I’ve got enough patterns now on tap that I should start thinking of how the follow on to The New Carolingian Modelbook should be composed. It’s been notional for a long time, with the tentative name of Ensamplio Atlantaea in honor of the other SCA region that took me in during my self-imposed absence from Carolingia.
Aside from having no publisher for this one, the biggest impediment is that I haven’t figured out how best to graph the patterns for publication. At this moment, I’m still bound to paper and pencil. The graphs in TNCM were made using my late, lamented Macintosh computers (a II and a IIcx); and Aldus Superpaint drawing/drafting software. We shifted over to the PC world long ago in response to the strain of keeping two parallel suites of hardware and software functional, and in response to the PC-centric nature of employment in this house.

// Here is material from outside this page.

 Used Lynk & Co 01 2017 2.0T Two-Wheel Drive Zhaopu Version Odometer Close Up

To date, I’ve not found Windows based general graphics software that does as good a job for charting as the vintage-1990 stuff I used for my first book.

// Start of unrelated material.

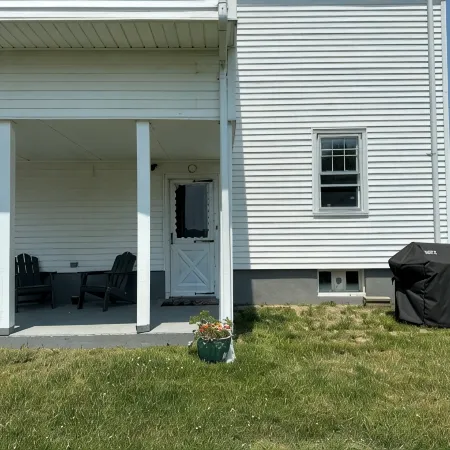 Clean & Cozy 2Bed by the Beach & Newport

I’m still looking. I have an interim solution using MS Visio. It’s cumbersome, and time-consuming compared to my Superpaint method. In Superpaint I was able to establish a bitmap based graph as a separate field, then paint on lines set up with voids to correspond (in negative) with the dots of my background. So instead of painstakingly noting each individual stitch, I could run a length of stitches in one stroke and have those stitches neatly separated by voids to mark the length of each. For example, instead of a solid line four units long, I was able to paint a line that looked like it was broken up into four exact stitch length units, and do it on vertical, horizontal and diagonal planes. But in Visio I can’t do that. The best I can do is create several blocks, each with a line segment corresponding to a stitch (one side, two parallel side, two sides meeting at one corner, one diagonal, two diagonals, one diagonal and one side, etc.); then stack and rotate my blocks into my finished pattern. Although this method works well enough for block unit patterns it is excruciatingly slow for line unit designs, and compared to my old method is too tedious to use for a whole book.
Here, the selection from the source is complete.